Stored dataset items:
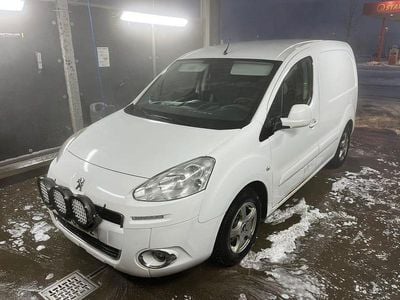 Begagnad 2014 Peugeot Partner Minibuss | 35 000 kr (Lite dyr)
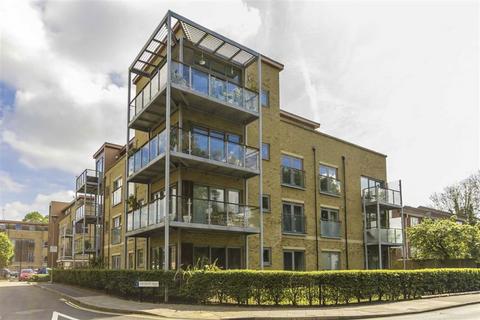 2 bedroom flat for sale, Southcott Road, Teddington TW11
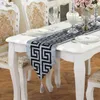 Chinese moderne eenvoudige stijl tafel runner klassieke retro zwart en wit rode theetafel doek mode vlag 210628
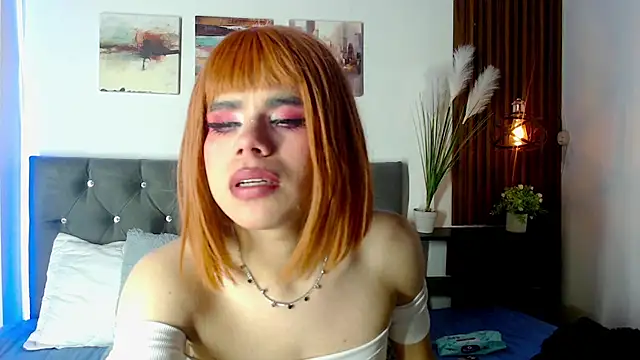 emma_cut3_n Webbikameraesitys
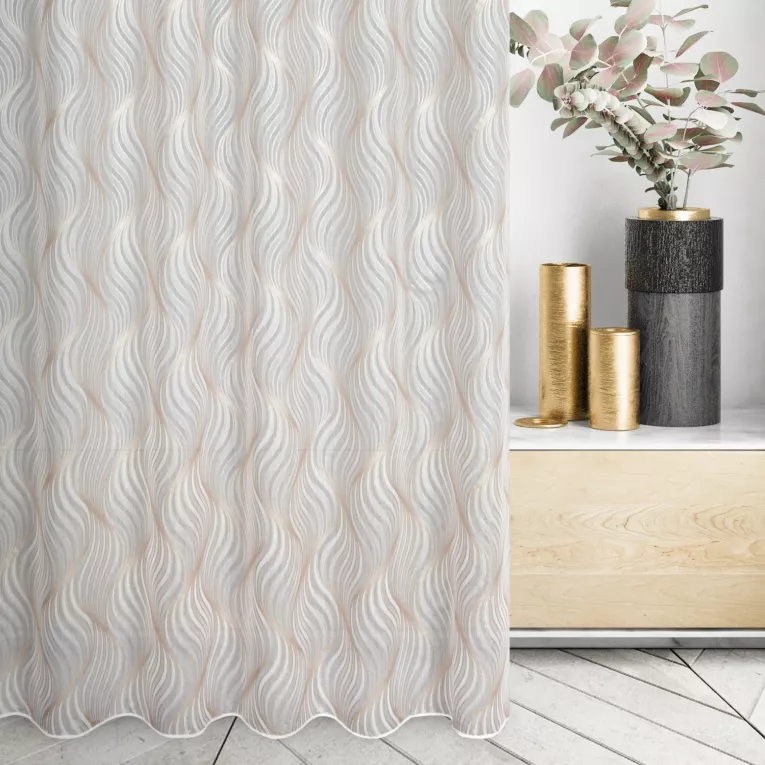 Firana szyta na flexach biało złota z tkaniny typu BATYST z delikatnie połyskującym, geometrycznym nadrukiem na całości tkaniny, wykończona obciążnikiem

## WHAT NEEDS TO BE DONE
This task calls for the lines from the line holding "emma_cut3_n Webbikameraesitys" through the last line above, restated word for word with both ends included and the pictures dropped.

## ANSWER BOX
 emma_cut3_n Webbikameraesitys
 Firana szyta na flexach biało złota z tkaniny typu BATYST z delikatnie połyskującym, geometrycznym nadrukiem na całości tkaniny, wykończona obciążnikiem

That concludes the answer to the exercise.